● **TASK DIRECTIONS**
Beneath this line are entries. Copy the range from the line with "Una foto de" to the line with "3rd image of", ends included, exactly; leave pictures out.

(Beginning of PROVIDED INFORMATION)

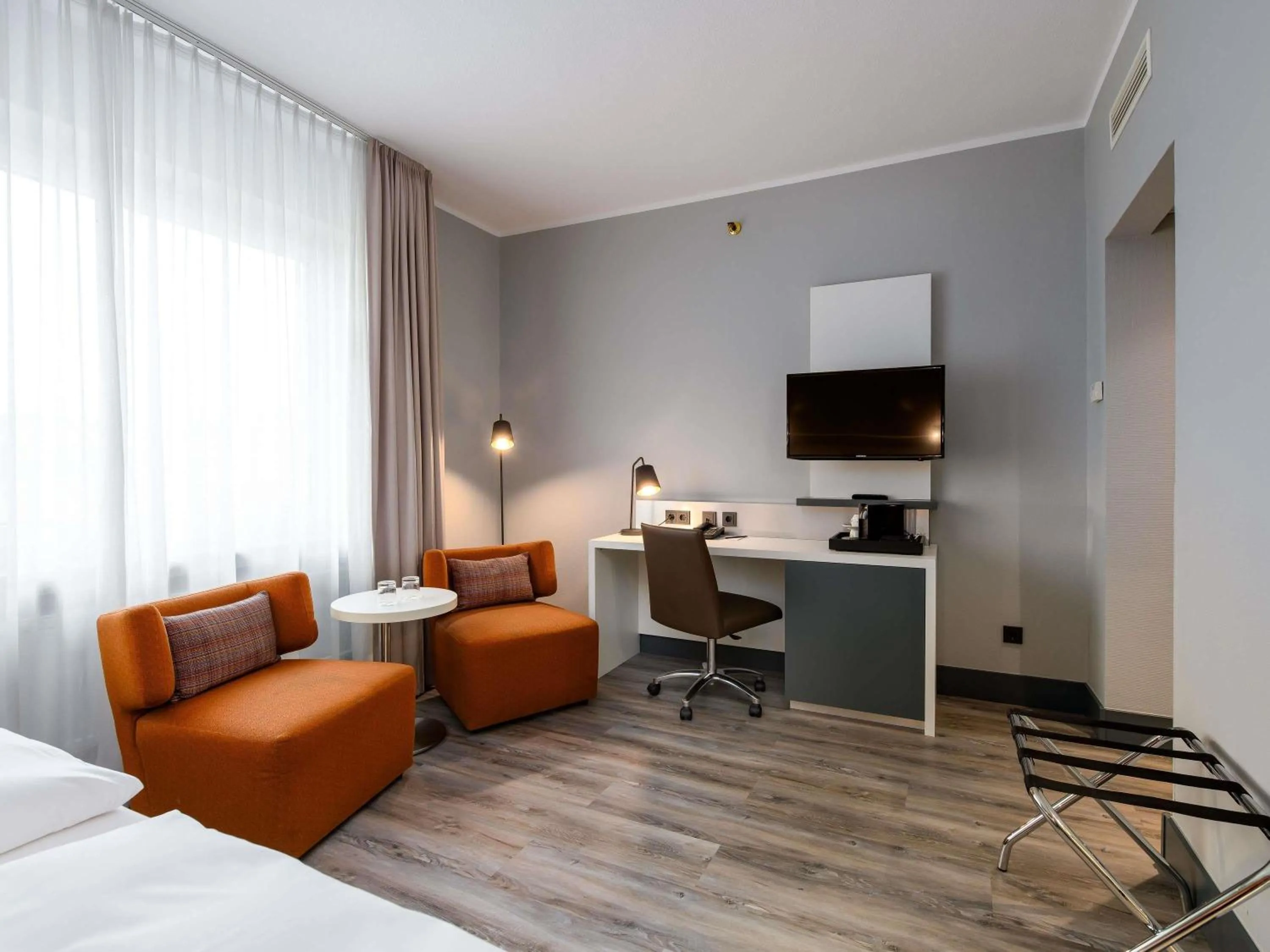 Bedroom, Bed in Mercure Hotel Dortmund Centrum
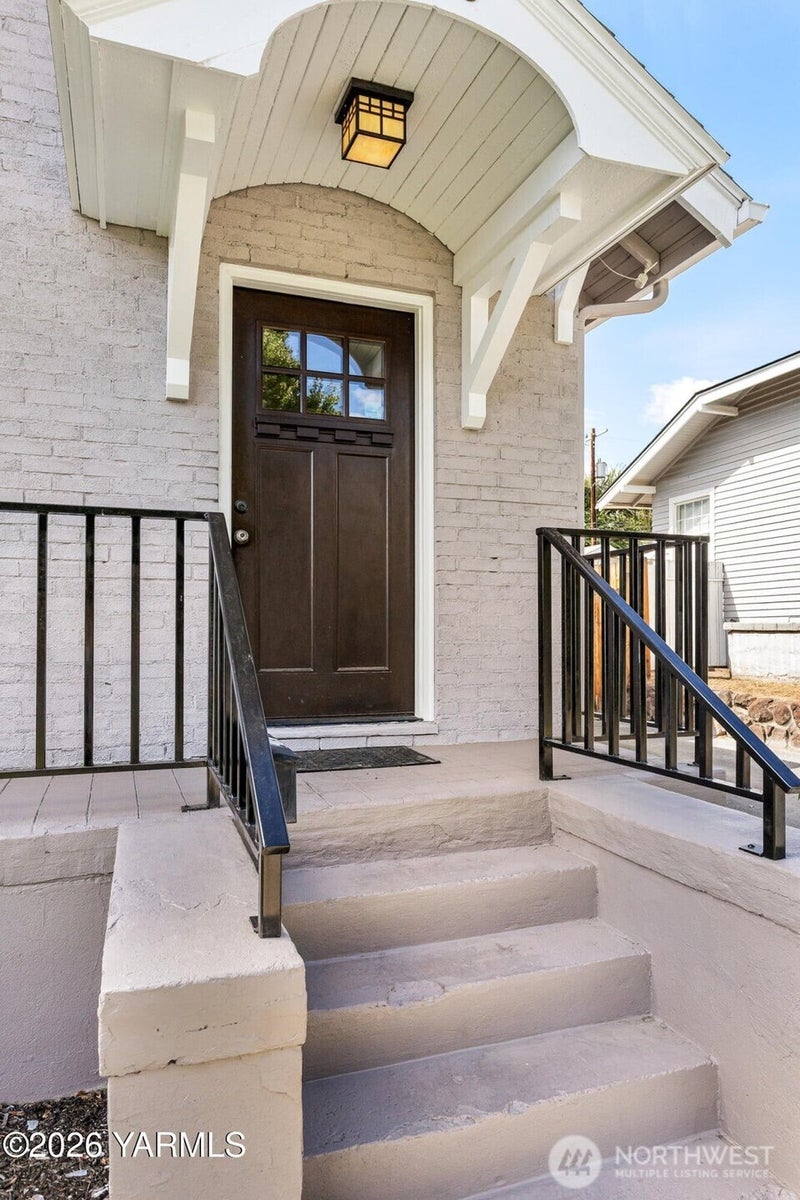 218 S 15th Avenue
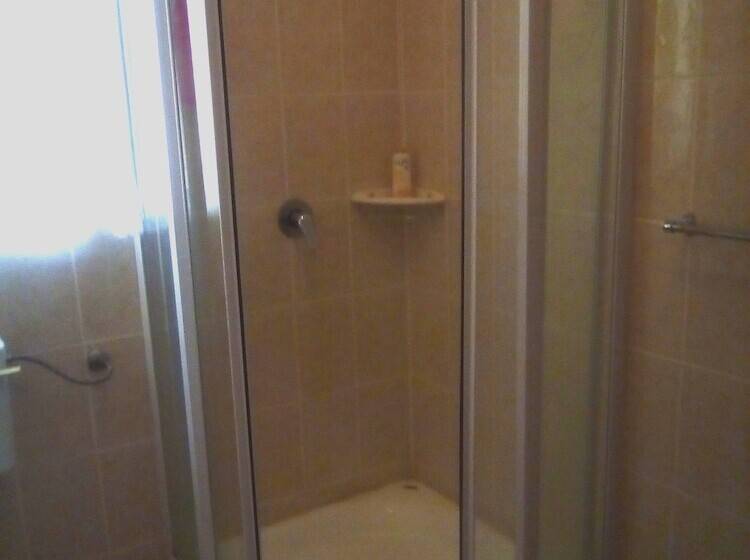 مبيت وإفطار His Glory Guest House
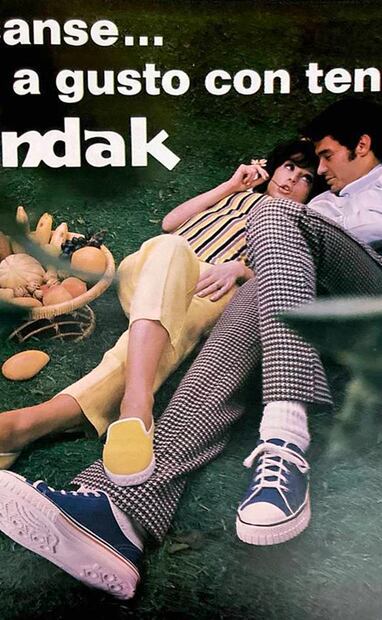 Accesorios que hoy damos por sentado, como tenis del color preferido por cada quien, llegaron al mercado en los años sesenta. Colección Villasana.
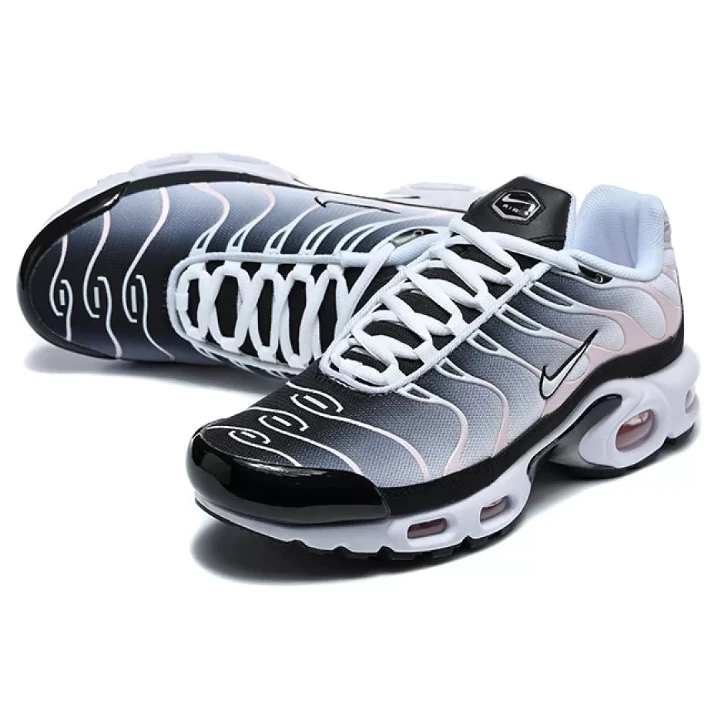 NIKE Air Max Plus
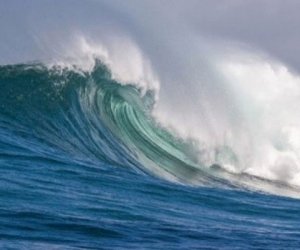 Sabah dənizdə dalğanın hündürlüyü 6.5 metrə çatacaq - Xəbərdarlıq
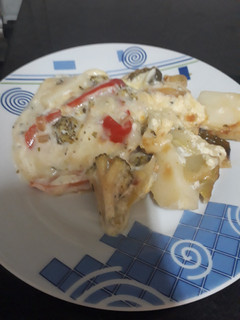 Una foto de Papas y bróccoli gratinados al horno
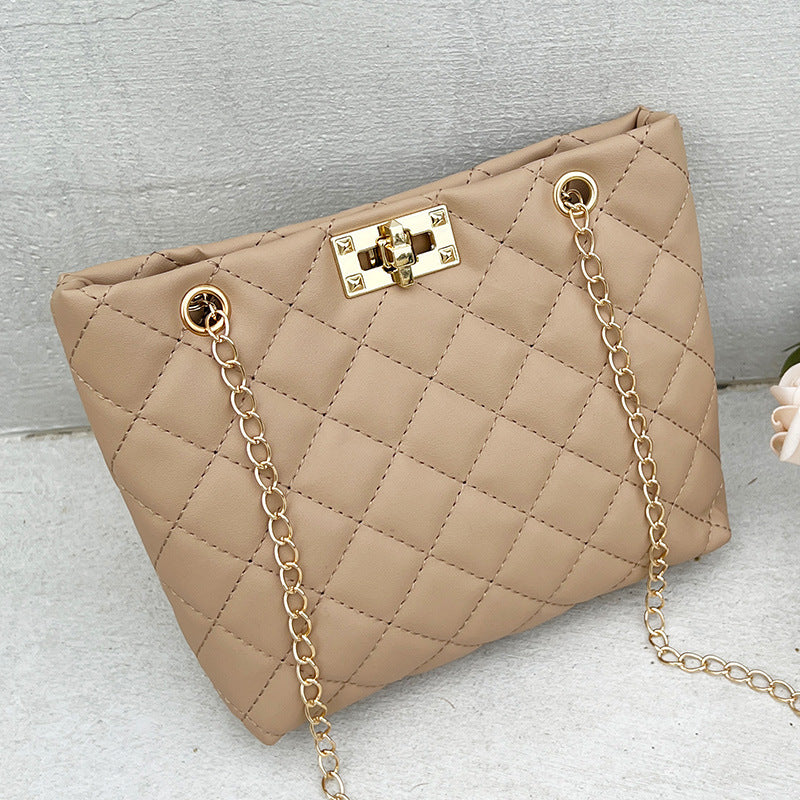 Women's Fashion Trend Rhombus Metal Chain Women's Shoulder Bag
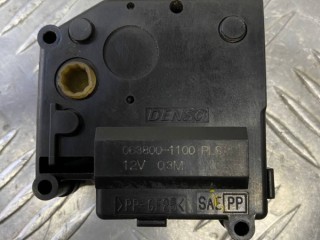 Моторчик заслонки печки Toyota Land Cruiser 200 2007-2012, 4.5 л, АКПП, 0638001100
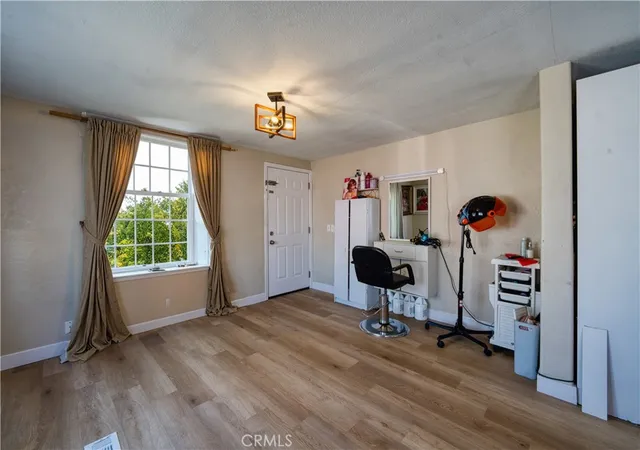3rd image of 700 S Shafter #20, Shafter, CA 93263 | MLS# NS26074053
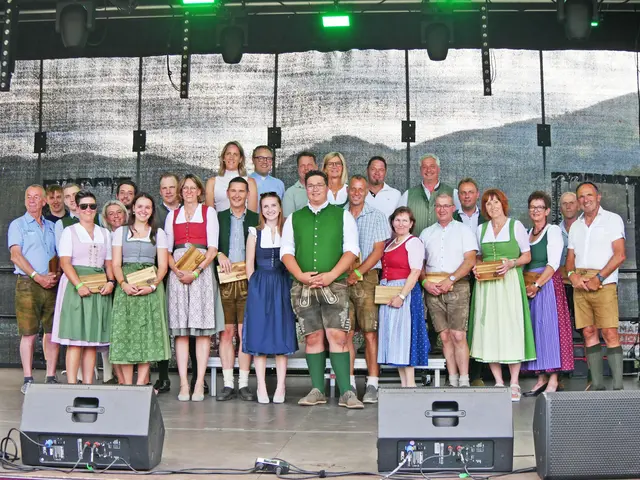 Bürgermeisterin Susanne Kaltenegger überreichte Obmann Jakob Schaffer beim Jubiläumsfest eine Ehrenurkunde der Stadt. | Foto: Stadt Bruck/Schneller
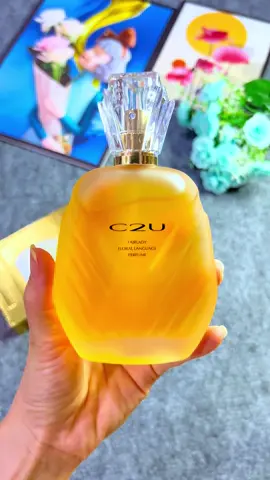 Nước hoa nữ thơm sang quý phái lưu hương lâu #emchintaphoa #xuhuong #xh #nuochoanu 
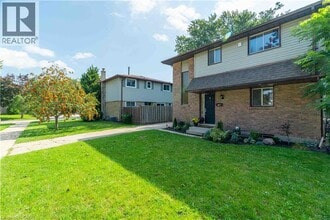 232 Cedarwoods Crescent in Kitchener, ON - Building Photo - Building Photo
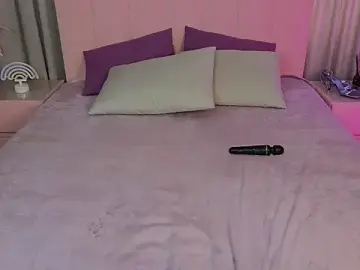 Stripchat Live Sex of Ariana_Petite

(End of PROVIDED INFORMATION)

● **EXPECTED ANSWER**
 Una foto de Papas y bróccoli gratinados al horno
 Women's Fashion Trend Rhombus Metal Chain Women's Shoulder Bag
 Моторчик заслонки печки Toyota Land Cruiser 200 2007-2012, 4.5 л, АКПП, 0638001100
3rd image of 700 S Shafter #20, Shafter, CA 93263 | MLS# NS26074053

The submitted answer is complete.